One Year to Better Preaching: 52 Exercises to Hone Your Skills does not attempt to teach all new tricks, though. Instead, Overdorf presents us with simple weekly tasks that will help us pastors improve the level of our preaching. He does not guarantee we will attain to John Chrysostom or Adrian Rogers, but each simple step will help put the edge back on our preaching razor.

These exercises range from forming a prayer group to listening to storytellers to learn their craft. (I recommend Jim Weiss at Greathall Productions, personally, for that.) Additionally, Overdorf provides some suggestions for pastors keeping their devotional life fresh, which we all should recognize as critical for preaching.

Many of Overdorf’s suggestions are things that, when I stop and think about it, I know I should do as a preacher. One Year to Better Preaching: 52 Exercises to Hone Your Skills does not really plow any new ground, nor does it present a new way of preaching that most of us have never considered.
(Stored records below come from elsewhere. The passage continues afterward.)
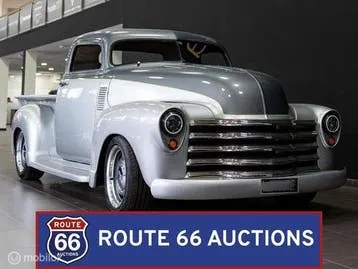 Chevrolet 3100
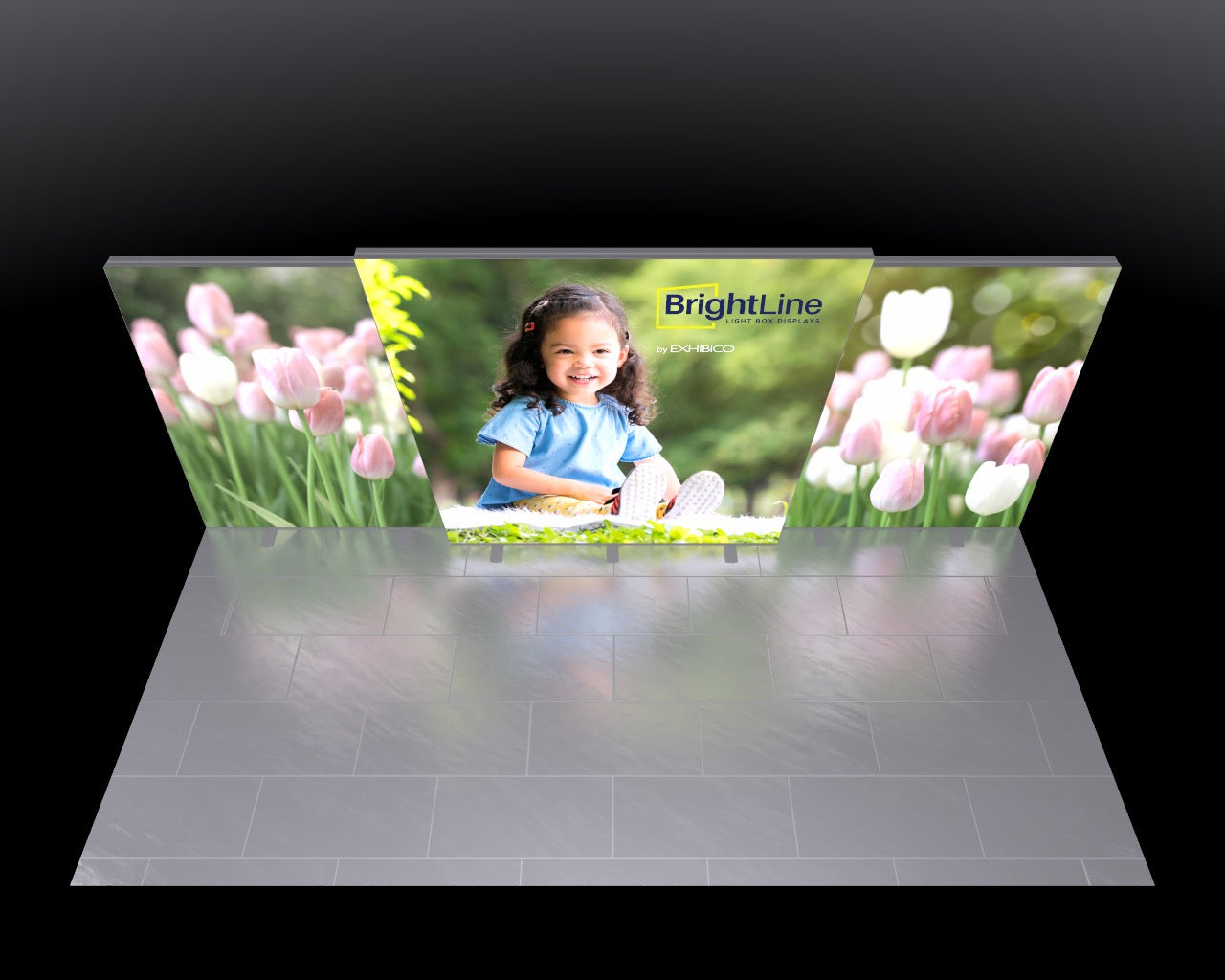 20ft BrightLine - Kit NA2N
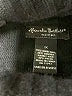 Alexandra Bartlett Black 3/4 Sleeve Top Size 1X - photo 7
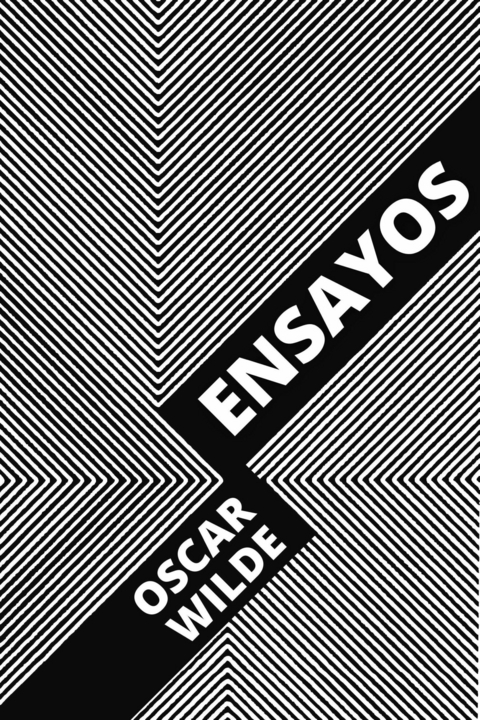 Ensayos - Oscar Wilde, August Nemo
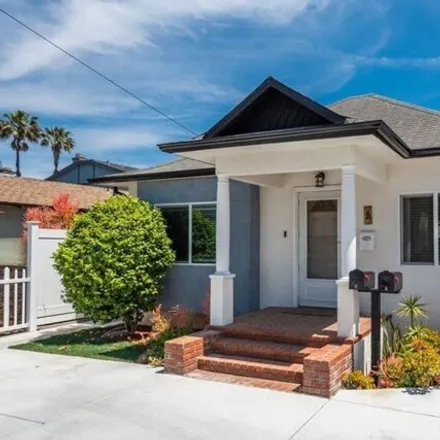 Buy this 6 bed house on Mansel Avenue in Torrance, CA 90278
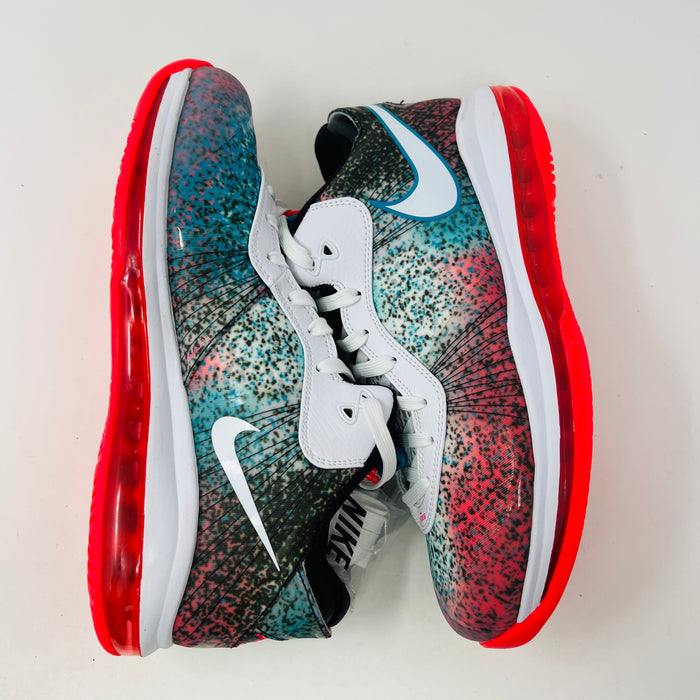 Nike LeBron 8 V2 Low Miami Nights (2021)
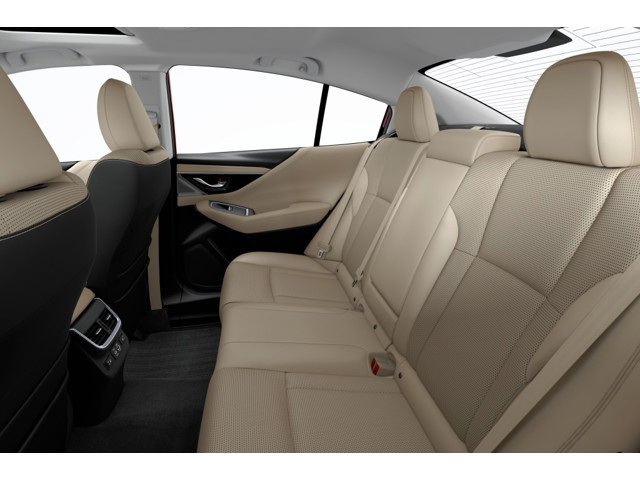 2025 Subaru Legacy Limited photo 16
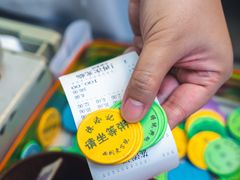 -陳添記·祖傳爽鱼皮(十五甫三巷店)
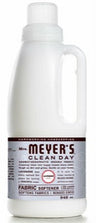Lavender Fabric Softener by Mrs. Meyer&#39;s 946 ml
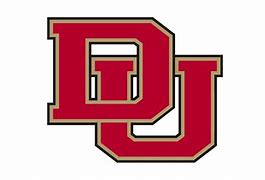 Image result for Denver Pioneers Logo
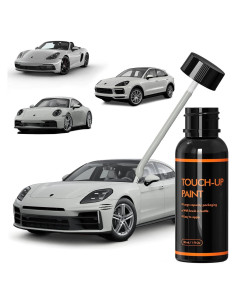 Pintura de Retoque Automotriz XTryfun M9A Tiza 29.57ml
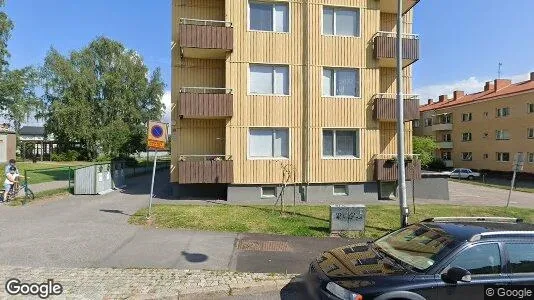 Lägenheter att hyra i Norrköping - Bild från Google Street View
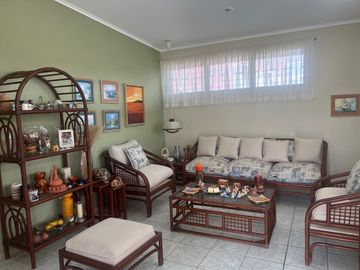 VENDO LINDA CASA EN COSTA DE ORO SALINAS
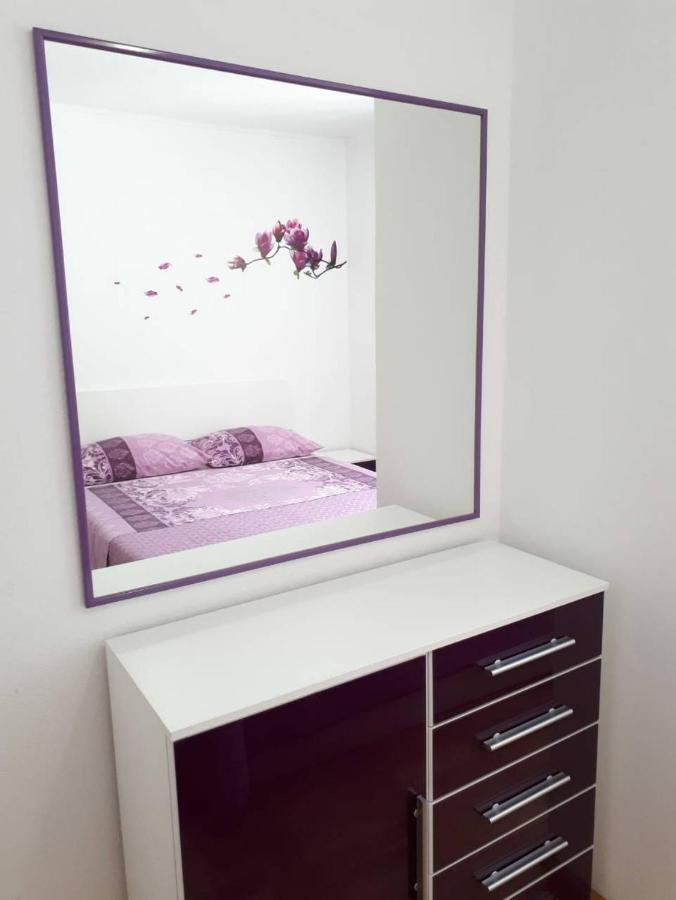Eva Apartment Makarska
Instead, this is akin to Vince Lombardi’s legendary speech that he allegedly gave the Packers every year: “This, gentleman, is a football.” Overdorf points us back to the sermon and says, effectively, here is a football.

He is encouraging: at no point does he act like he is speaking to slackers or bad preachers. Instead, he points to the idea that we should constantly strive to improve, no matter how good we are at the outset.

My biggest concern for One Year to Better Preaching: 52 Exercises to Hone Your Skills? If you’re a preacher, you need this book and you need to read and use it. If you know a preacher, he needs this book. But I don’t know if I would ever want to receive this as a gift. I might take it the wrong way. And certainly don’t have it anonymously mailed to your pastor’s house or leave it on his pulpit. That would be really, really bad.

So, give him a gift certificate and pray for the best!

Note: I received One Year to Better Preaching: 52 Exercises to Hone Your Skills from Kregel Ministry in exchange for this review.